We face constant environmental influx, war with pests and pathogens, and fluctuation in markets and risk throughout the farming and agricultural enterprise. Harnessing big data offers a new frontier of knowledge for how and when intervention is essential in agricultural production.
- Where in the field does fertilizer need to be applied? At what rate and time? With what product?
- How do we problem solve and consolidate data?
- When is the best time to harvest based on weather and/or markets?
We then consider how to assess and analyze all available data and quickly make a decision that is actionable by the grower.
Data are being used from the lab to the field, from the scientist to the farmer. For example, plant breeders use data to select preferred genetics and traits, reducing production time of new crops and varieties. Data drive food safety and traceability questions. Real-time data tools are becoming faster and easier to use, with analytics and machine learning adding value across the agricultural enterprise.
Many factors impact agricultural production, like weather, markets, costs of goods and commodity pricing. We have methods to forecast predictions, but those will become more accurate as we improve our ability to integrate diverse data sets to better deliver all perspectives of an issue. This ability, coupled with writing better algorithms and machine learning, leads to improved decision-making in the field.

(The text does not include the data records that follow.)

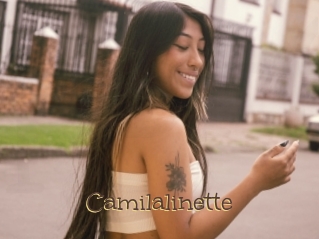 camilalinette Porno FR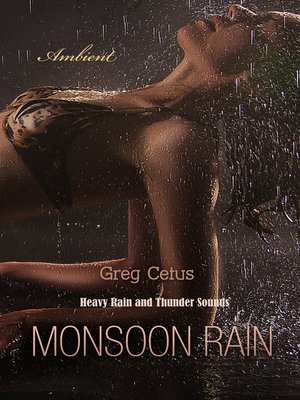 cover image of Monsoon Rain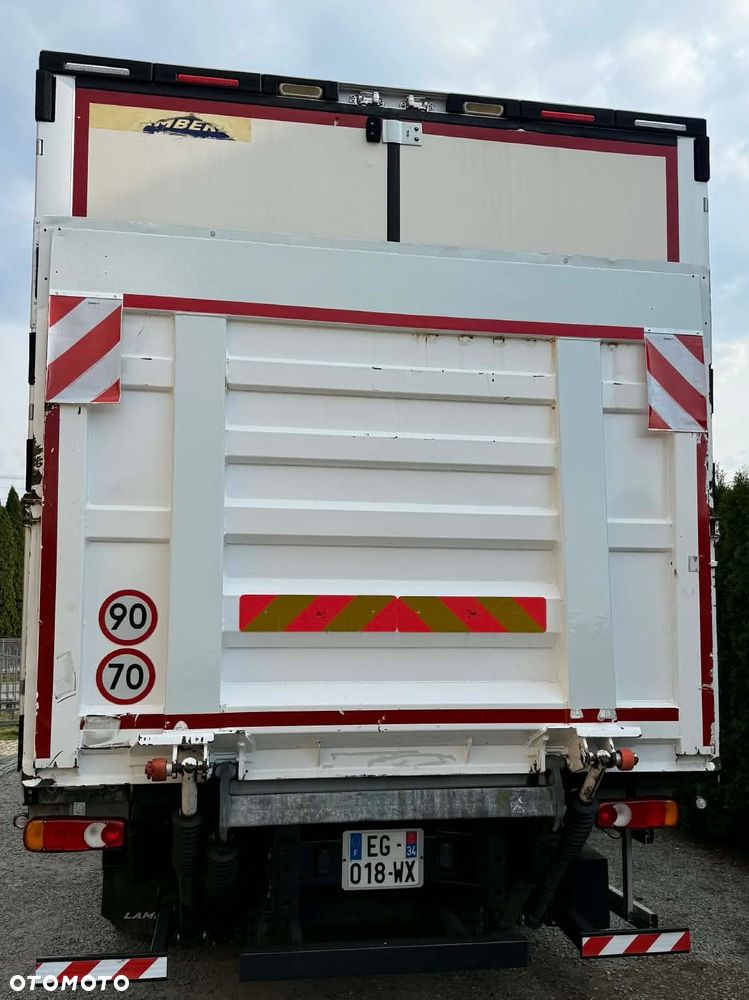 Iveco Eurocargo 190-280L - 7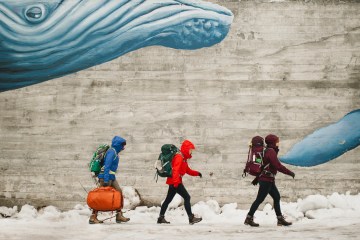 REI Cyber Week Deals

How We Use Data in the Future
Sensor Data for Precision Agriculture Machinery manufacturers use sensor data to optimize yield and reduce farmers’ costs. An automated and reliable process could measure actual conditions in the field and provide real-time recommendations.
Genotype Modifications and Their Translation to Phenotype and Environmental Responses in Crop Plants Researchers seek to understand the effects of single and multiple genes on plant phenotype to improve the viability of crop plants in the field. Collection and integration of additional data could provide further insight into crop viability.
Relevance to Industry, Producers and Consumers
- Cultivate a workforce proficient in analytics and agriculture
- Develop products that can be applied across diverse crops
- Promote upstream discoveries that benefit various products
Targets to be Addressed
- Data mining and algorithm development for heterogeneous data
- Sensor technology for basic research and field applications
- Heterogeneous data integration for improved breeding and genomic strategies
- Prototyping systems and translating results to crop production and utilization
Connectivity Across Platforms
Recent climate and land use changes continue to significantly impact the environment. We need a historical understanding of plant science to collect data and evaluate how we can have resilient agricultural systems now and in the future. Connecting research in resilient agriculture to predictive analytics ensures we study and create new technologies that will improve plants for years to come.